Die Studienautoren verglichen die Ergebnisse von Frühgeborenen (Geburt vor der 32. Schwangerschaftswoche) mit und ohne BDP. Bei Säuglingen mit moderater bis schwerer BPD stellten sie einen Zusammenhang von Abweichungen des Blutflusses in der Lungenarterie und Auffälligkeiten der Herzfunktion mit einem erhöhten Druck im Lungenkreislauf fest. Unter Berücksichtigung dieser Parameter entwickelten sie einen statistischen Algorithmus zur Risikostratifizierung. Damit gelang es den Wissenschaftlern, Fälle mit signifikant erhöhtem PVD-Risiko in der heterogenen Gruppe von Säuglingen mit milder BDP zu detektieren.
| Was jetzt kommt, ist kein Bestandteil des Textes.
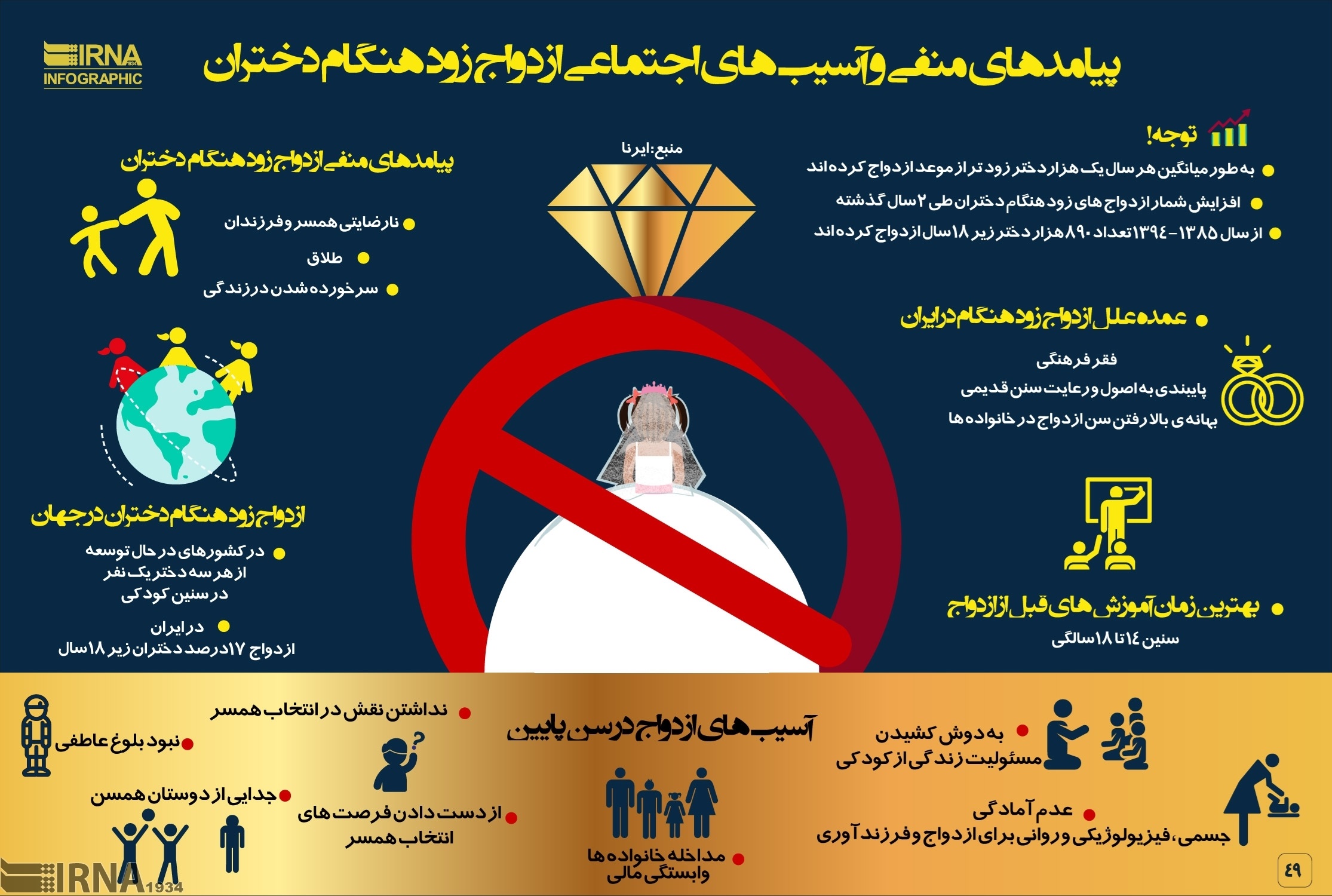 اینفوگرافیک | ازدواج ۱۷ درصد دختران زیر ۱۸ سال در ایران!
Darüber hinaus beobachteten sie eine starke Korrelation zwischen der Wahrscheinlichkeit, eine PVD zu entwickeln, und Faktoren, welche auf die Schwere der BDP hinweisen (z. B. Dauer der künstlichen Beatmung/Sauerstoffzufuhr).
Gute Perspektive für Früherkennung
Die Autoren hoffen, dass ihre neu entwickelte Methode den Weg zu risikoadaptierten Überwachungs- und Behandlungsstrategien bei BPD ebnen könnte. So ließe sich möglicherweise das Risiko für spätere Komplikationen einer Frühgeburt wie Lungenhochdruck oder plötzlichen Herztod bereits zu einem frühen Zeitpunkt abschätzen. Dies wiederum würde die Möglichkeit eröffnen, rechtzeitig Gegenmaßnahmen zu ergreifen. Weitere Studien sind notwendig, um die identifizierten Früherkennungsmerkmale bis ins Erwachsenenalter nachzuverfolgen.